The start field records when the cache was initialized and serves as a baseline for temporal queries:

func (c *Cache) StartTime() time.Time {
    return c.start
}

Operations using c.StartTime() as the since parameter will only return entities created or modified after the cache was initialized. This is useful for retrieving only new data without querying the entire persistent database.

Since Parameter

Most query methods accept a since time.Time parameter that filters results to only include entities/edges modified after that timestamp. The cache uses this parameter to determine whether cached data is fresh enough or if a database query is needed.

Example from tests:

// Query entities created after the cache start time
entities, err := cache.FindEntitiesByType(oam.FQDN, cache.StartTime())

// Query older entities
entities, err := cache.FindEntitiesByType(oam.FQDN, ctime1)

When a since timestamp is older than the cached tag timestamp, the cache queries the persistent database for historical data.


Implementation Overview

The Cache struct implements the complete repository.Repository interface, providing transparent caching for all repository operations:

Operation Category Methods Behavior
Initialization New(), Close(), GetDBType(), StartTime() Setup and metadata
Entity Operations CreateEntity(), CreateAsset(), FindEntityById(), FindEntitiesByContent(), FindEntitiesByType(), DeleteEntity() Cache-aside pattern with tag tracking
Edge Operations CreateEdge(), FindEdgeById(), IncomingEdges(), OutgoingEdges(), DeleteEdge() Cache-aside pattern with tag tracking
Tag Operations CreateEntityProperty(), GetEntityTags(), CreateEdgeProperty(), GetEdgeTags() Direct passthrough to cache repository

The cache transparently wraps any repository implementation, whether SQL-based (SQL Repository) or graph-based (Neo4j Repository).


Usage Example

Creating and using a cached repository:

import (
    "time"
    assetdb "github.com/owasp-amass/asset-db"
    "github.com/owasp-amass/asset-db/cache"
    "github.com/owasp-amass/asset-db/repository/sqlrepo"
)

// Create in-memory cache repository
cacheRepo, err := assetdb.New(sqlrepo.SQLiteMemory, "")

// Create persistent database repository
dbRepo, err := assetdb.New(sqlrepo.SQLite, "/path/to/db.sqlite")

// Wrap with cache layer (1-minute write throttling)
cachedRepo, err := cache.New(cacheRepo, dbRepo, time.Minute)
defer cachedRepo.Close()

// Use cachedRepo like any repository.Repository
entity, err := cachedRepo.CreateAsset(&dns.FQDN{Name: "example.com"})
entities, err := cachedRepo.FindEntitiesByType(oam.FQDN, cachedRepo.StartTime())

Cache Architecture

This document describes the architectural design of the caching layer in asset-db. The cache provides a performance optimization layer that wraps any repository implementation (SQL or Neo4j) with an in-memory cache. This page focuses on the core architectural patterns: the dual-repository design, tag-based cache invalidation, and frequency-based write throttling.

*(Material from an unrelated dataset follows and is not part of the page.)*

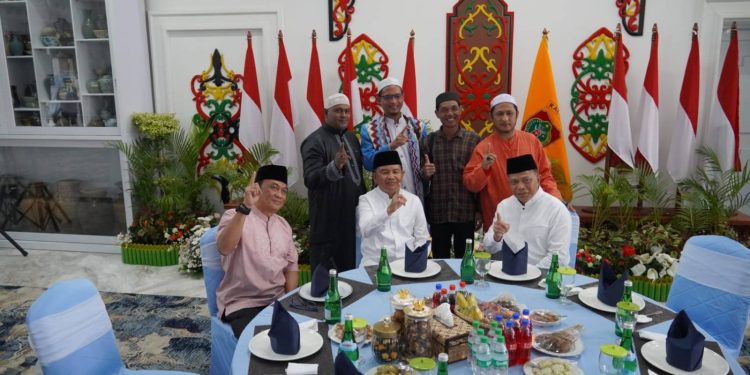 Gubernur Kalteng Gelar Open House Iduladha, Warga Padati Istana Isen Mulang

For specific caching operations, see: - Entity caching operations: 6.2 - Edge caching operations: 6.3 - Tag caching operations: 6.4

For information about the underlying repository implementations being cached, see 3.1 for the Repository pattern.


Overview

The caching system implements a sophisticated dual-repository architecture that provides performance optimization through intelligent cache management. The design balances three competing concerns:

  1. Performance - Fast in-memory access to frequently used data
  2. Durability - Persistent storage in the underlying database
  3. Consistency - Controlled synchronization between cache and database

The cache operates transparently by implementing the repository.Repository interface, allowing it to be used as a drop-in replacement for any repository implementation.


Dual Repository Pattern

Architecture

The Cache struct maintains two separate repository instances:

type Cache struct {
    start time.Time              // Baseline timestamp for temporal queries
    freq  time.Duration           // Throttling frequency for DB writes
    cache repository.Repository   // In-memory repository (fast)
    db    repository.Repository   // Persistent repository (durable)
}

Repository Roles

Repository Purpose Storage Speed Durability
c.cache Fast data access, temporary storage In-memory (SQLite :memory:) Very fast Ephemeral
c.db Persistent data storage, source of truth File-based or remote DB Slower Durable

The dual pattern operates as follows:

  1. Reads check c.cache first (cache-aside pattern)
  2. On cache miss, data is fetched from c.db and populated into c.cache
  3. Writes go immediately to c.cache
  4. Writes to c.db are throttled based on the c.freq duration

Construction

The cache is constructed using the New function:

func New(cache, database repository.Repository, freq time.Duration) (*Cache, error)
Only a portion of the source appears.